The court battle between Mack Trucks Inc. and an Ohio Mack dealership took another sharp turn Tuesday when a federal appeals court revived the dealership's antitrust claim, finding that the trial judge had erred by refusing to allow the claim to go to the jury.
In its 53-page opinion in Toledo Mack Sales & Service Inc. v. Mack Trucks Inc., a unanimous three-judge panel of the 3rd U.S. Circuit Court of Appeals found that the dealership had presented direct evidence of two alleged price-fixing conspiracies.
Toledo Mack claimed in the suit that Mack instituted policies designed to discriminate against it because its business approach was to sell trucks at low prices - an approach Toledo Mack claimed conflicted with Mack's interest in keeping truck prices high.
The suit alleged both a horizontal conspiracy - among the Mack dealers - and a vertical conspiracy between the dealers and Mack.

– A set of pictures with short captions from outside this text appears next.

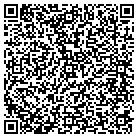QR code with Santiva Housekeeping Service contacts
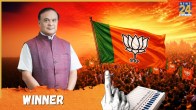 Himanta Biswa Sarma Win 2026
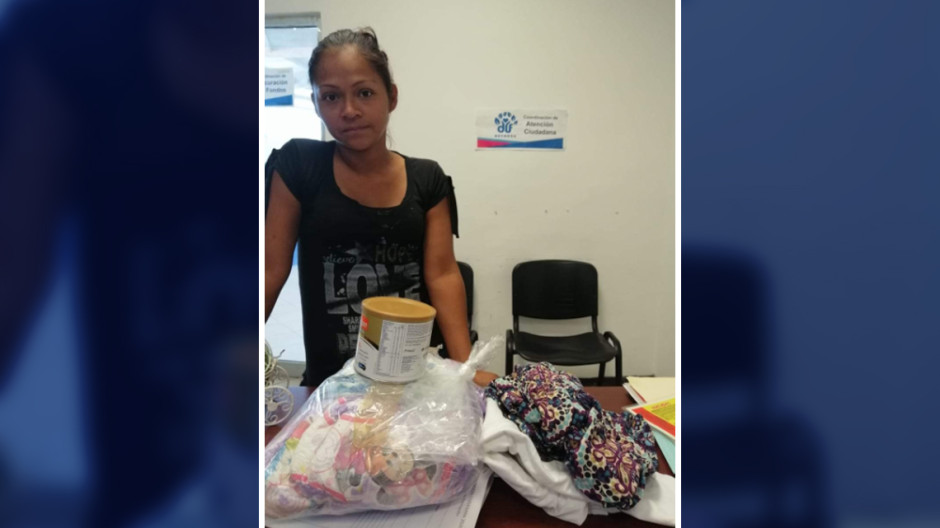 Apoya DIF a familias vulnerables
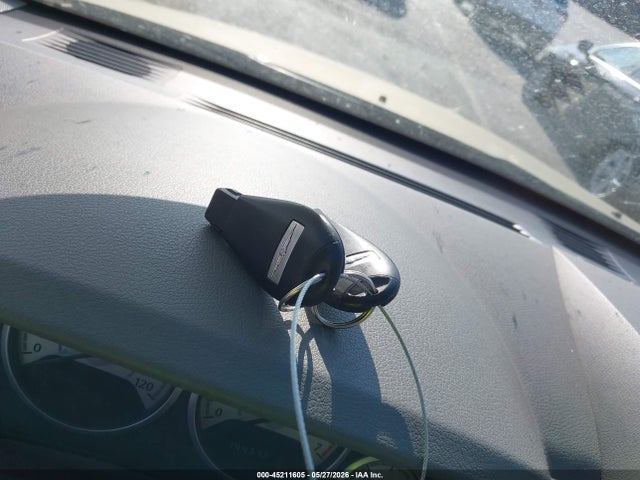 Aukcja sprzedaży 2010 Chrysler Town & Country New Lx, vin: 2A4RR2D16AR405051, numer aukcji: 45211605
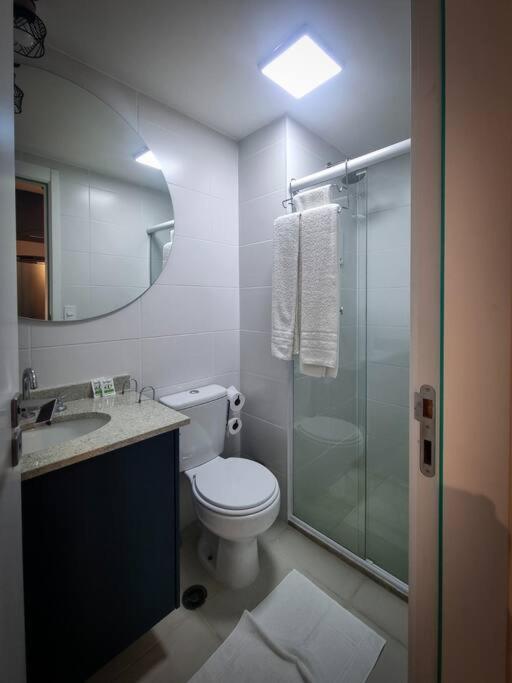 Raizes Metro Tucuruvi Apartment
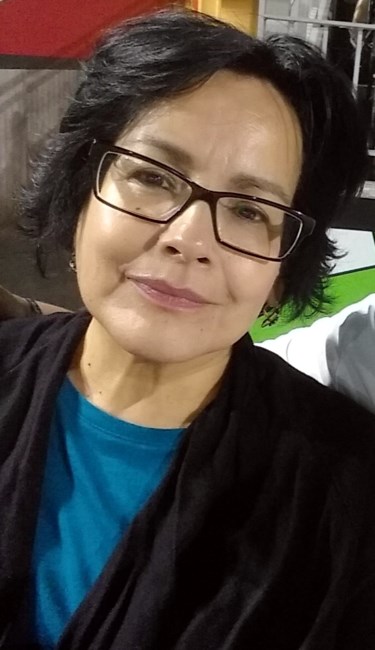 Obituary of Patricia De Leon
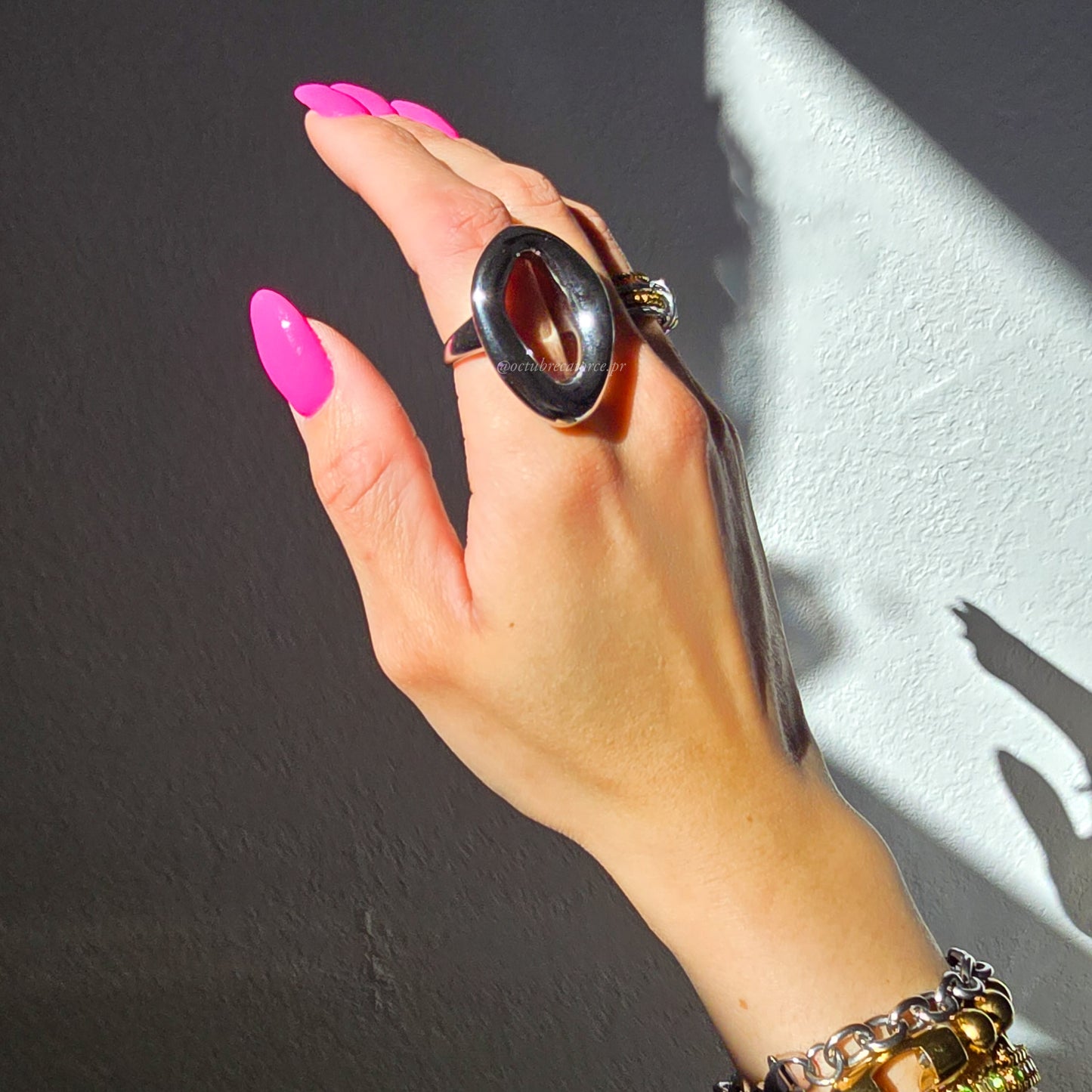 Royal Ring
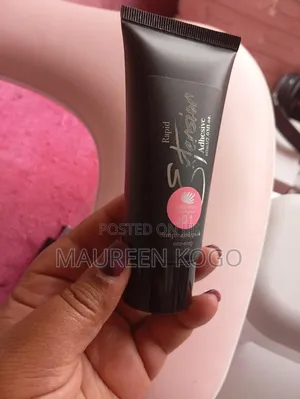 Nail Products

However, Mack Trucks Inc. was the only defendant named in the suit.
Writing for the court, U.S. Circuit Judge Kent A. Jordan found that the trial judge, Senior U.S. District Judge Ronald L. Buckwalter, had erred by excluding some of the plaintiff's best evidence on statute-of-limitations grounds.
In the appeal, lawyers for Toledo Mack argued that Buckwalter erred by requiring it to prove its case exclusively with post-1998 evidence.
Instead, they argued, although Toledo Mack's damages were limited to the period from 1998 to 2002, it should have been allowed to present evidence dating back to 1989, when the alleged conspiracy began.
Jordan agreed, finding that under a "continuing violation" theory, Toledo Mack should have been allowed to present all of its evidence that the conspiracy existed even if its damages would be limited to the final four years.
"Toledo was not required to prove an illegal conspiracy with evidence restricted to the limitations period," Jordan wrote in an opinion joined by 3rd Circuit Judges Maryanne Trump Barry and Thomas M. Hardiman.
"Its burden was, rather, to present evidence sufficient to allow a rational jury to conclude that Mack and its dealers committed during the limitations period overt acts in furtherance of an illegal conspiracy or conspiracies, even if the conspiracies began before the limitations period," Jordan wrote.
Although Toledo Mack was seeking damages only for acts committed from 1998 to 2002, Jordan said, "It is entitled to present evidence from outside that period to sustain its burden of proof."
The ruling is a victory for attorneys Robert L. Byer, Wayne A. Mack Jr., J. Manly Parks, James H. Steigerwald and David A. Degnan of Duane Morris.
For Mack, the ruling revives a case that had resulted in a spectacular victory when a federal jury not only rejected all of the plaintiff's claims - for which it was seeking more than $14 million - but went on to award Mack more than $11.3 million on its counterclaim.
In a post-trial ruling, Buckwalter slashed more than $9.7 million from a jury's award to Mack on its counterclaims for misappropriation of trade secrets after finding that the jury was too generous and that the award should be reduced to $1.6 million.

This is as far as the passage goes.